### WHAT YOU HAVE TO DO:
Set the data below down again, exactly, with every picture left out.

Segment Start: INFORMATION PROVIDED

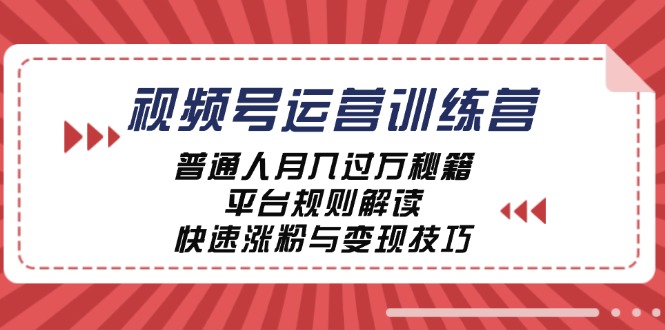 视频号运营训练营：普通人月入过万秘籍，平台规则解读，快速涨粉与变现…-创业网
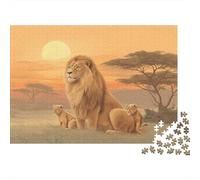 Adult Leo and Cubs Sitting on The Grassland at Atardecer Rompecabezas Rompecabezas Juego De Habilidad para Toda La Familia 1000pcs (75x50cm)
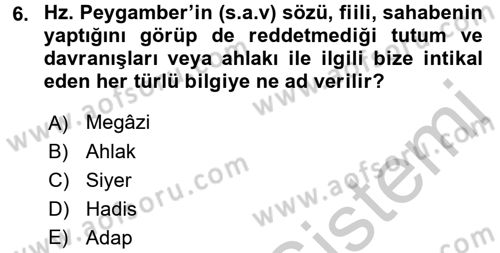 Hadis Dersi 2016 - 2017 Yılı 3 Ders Sınav Soruları 6. Soru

Segment End: INFORMATION PROVIDED

### OUTPUT FOR THIS TASK:
 视频号运营训练营：普通人月入过万秘籍，平台规则解读，快速涨粉与变现…-创业网
 Adult Leo and Cubs Sitting on The Grassland at Atardecer Rompecabezas Rompecabezas Juego De Habilidad para Toda La Familia 1000pcs (75x50cm)
 Hadis Dersi 2016 - 2017 Yılı 3 Ders Sınav Soruları 6. Soru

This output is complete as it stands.